Here, the building colors are the same as those above. That's because most of the map layers are actually the same, published using the Web Map Service Specification from GeoMedia WebMap and GeoMedia WebMap Publisher, then read into MapServer using that same specification, and republished along with other data layers.
Web Feature Service (WFS)
The purpose of the OGC Web Feature Service Interface Specification is to provide a structure and mechanism for query and retrieval of geographic features. The WFS requests are generated on the client and are posted to a WFS server using HTTP. The default payload encoding for transferring exposed features from the server to the client is the Geography Markup Language (GML).
There are numerous commercial and open source implementations of the WFS interface standard, including a Open Source WFS reference implementation, called GeoServer.

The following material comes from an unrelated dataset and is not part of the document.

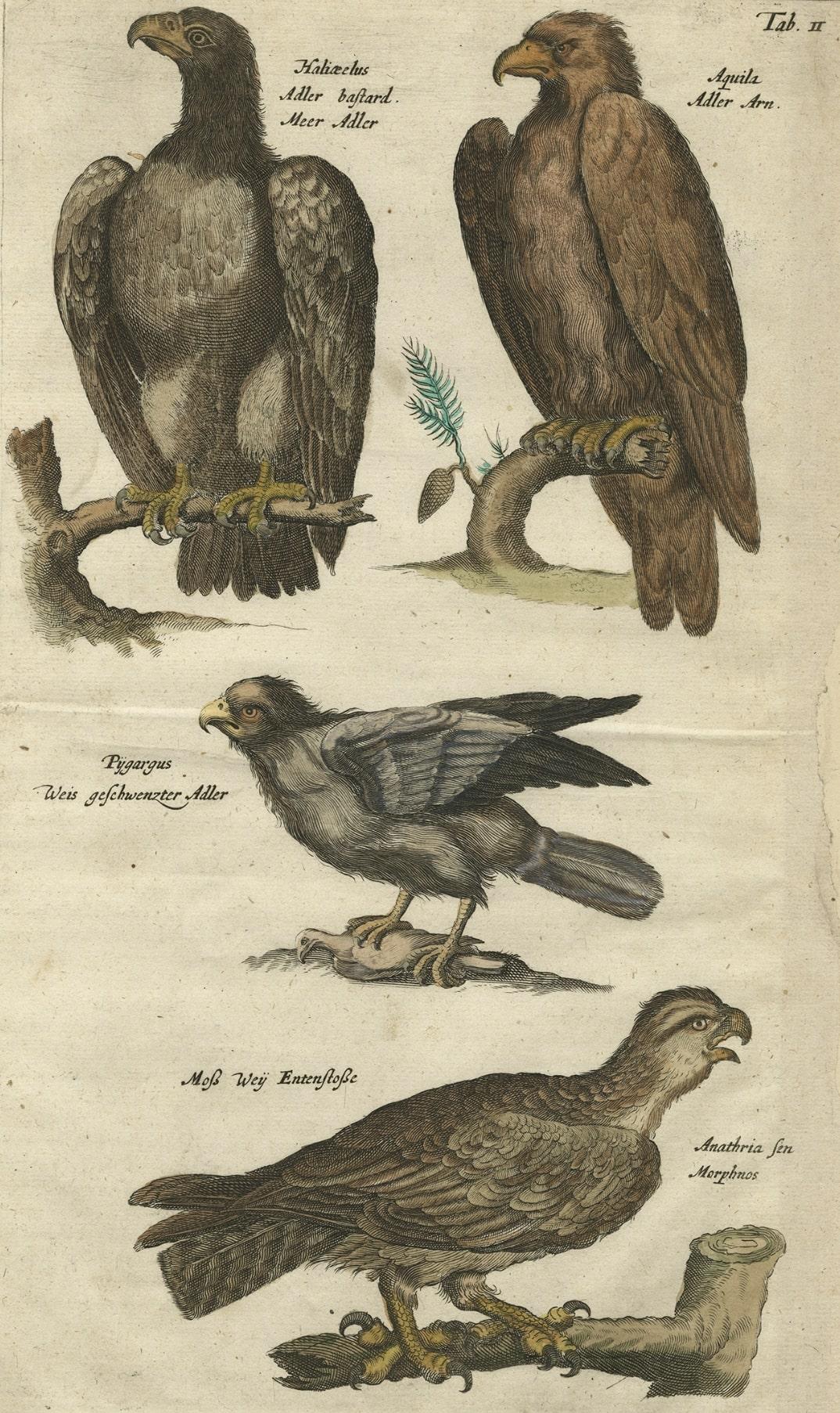 Antique print, titled: 'Haliaetus Adler (…).' - This plate shows various birds of prey; Haliaetus, Adler, Meer Adler (White-tailed Eagle, Sea Eagle) - Aquila, Adler (Eagles species) - Pygargus, Weis geschwenzter Adler (Harrier) - Anathria seu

WFS Data manipulation operations include the ability to:
· Create a new feature instance
· Delete a feature instance
· Update a feature instance
· Get or Query features based on spatial and non-spatial constraints
The basic Web Feature Service allows querying and retrieval of features.A transactional Web Feature Service (WFS-T) allows creation, deletion, and updating of features.

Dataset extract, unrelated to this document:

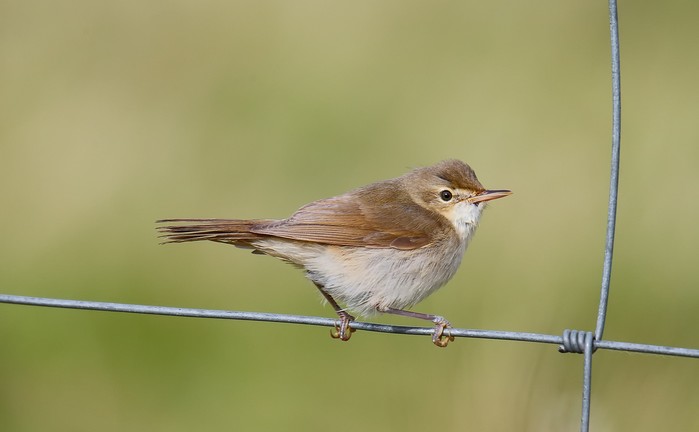 Blyth's Reed Warbler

Figure: A transactional WFS application
Web Coverage Service (WCS)
A WCS provides access to potentially detailed and rich sets of geospatial information, in forms that are useful for client-side rendering. The WCS may be compared to the OGC Web Map Service (WMS) and the Web Feature Service (WFS); like them it allows clients to choose portions of a server's information holdings based on spatial constraints and other criteria.
Unlike WMS, the WCS provides available data together with their detailed descriptions; allows complex queries against these data; and returns data with its original semantics (instead of pictures) which can be interpreted, extrapolated, etc. -- and not just portrayed.

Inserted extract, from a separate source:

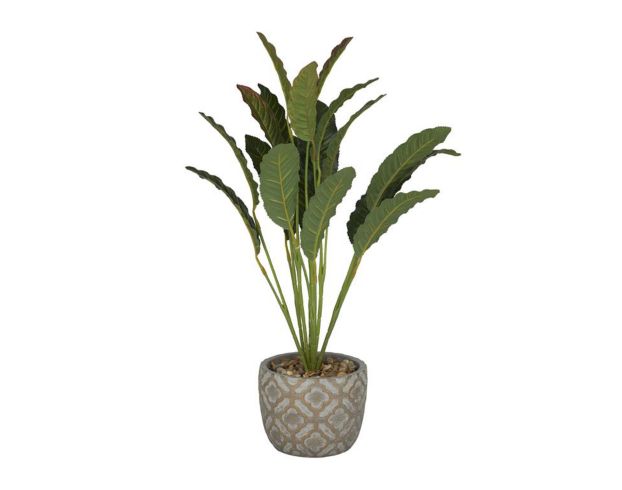 Uma 20-Inch Crotons Plant with Planter large image number 1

Unlike WFS which returns discrete geospatial features, the WCS returns representations of space-varying phenomena that relate a spatial-temporal domain.
The specification defines three operations:
· The GetCapabilities operation returns an XML document describing the service and brief descriptions of the data collections from which clients may request coverages.
· The DescribeCoverage operation lets clients request a full description of one or more coverages served by a particular WCS server.
· The GetCoverage operation returns a coverage bundled in a well-known coverage format.
Catalog Service (CAT)
The OGC Catalog Service defines common interfaces to discover, browse, and query metadata about data, services, and other potential resource.
Simple Features-SQL (SFS)
Simple Features-SQL are an OpenGIS standard which specifies digital storage of geographical data (point, line, polygon, multi-point, multi-line, etc) with both spatial and non-spatial attributes.
Simple Features are based on 2D geometry with linear interpolation between vertices. In general, a 2D geometry is simple if it contains no self-intersection. The OpenGIS Simple Features specifications define various spatial operators, which can be used to generate new geometries from existing geometries.
Geography Markup Language (GML)
The Geography Markup Language (GML) is the XML grammar, defined by the Open Geospatial Consortium (OGC) to express geographical features. GML serves as a modeling language for geographic systems as well as an open interchange format for geographic transactions on the Internet.
GML model
The original GML model was based on the World Wide Web Consortium's Resource Description Framework (RDF). Subsequently, the OGC introduced XML schemas into GML's structure to help connect the various existing geographic databases, whose relational structure XML schemas are more easily defined.
Beneficiary Group
It is kind of a question often asked that who is going to be benefited by this kind of interoperability program. The answer is USER. A much larger population of users than currently use GIS and remote sensing softwares, producers, owners, stewards, and resellers of geodata will be benefited. Because…….
· The majority of GIS in operation today follow an Homogeneous or Proprietary approach, where the specific GIS applications and capabilities are tightly coupled to their internal data models and structures like in ESRI products.
· It limits the flexibility of users to deal with GIS data, software and perform analysis. Users need to depend on certain vendors and their proprietary data and software.
· Within this model, an organization would also typically, adopt an associated vendor file format as an internal standard.
Open GIS intents to move from current GIS practice and provides Distributed GIS where:
· The major benefit is the ability to distribute and then combine disparate data to produce new combinatorial datasets, regardless of the original format. Therefore promoting information exchange across organizations.
· Users are not restricted to specific vendor systems or formats.
· User can access raster and vector data, regardless of its original matter.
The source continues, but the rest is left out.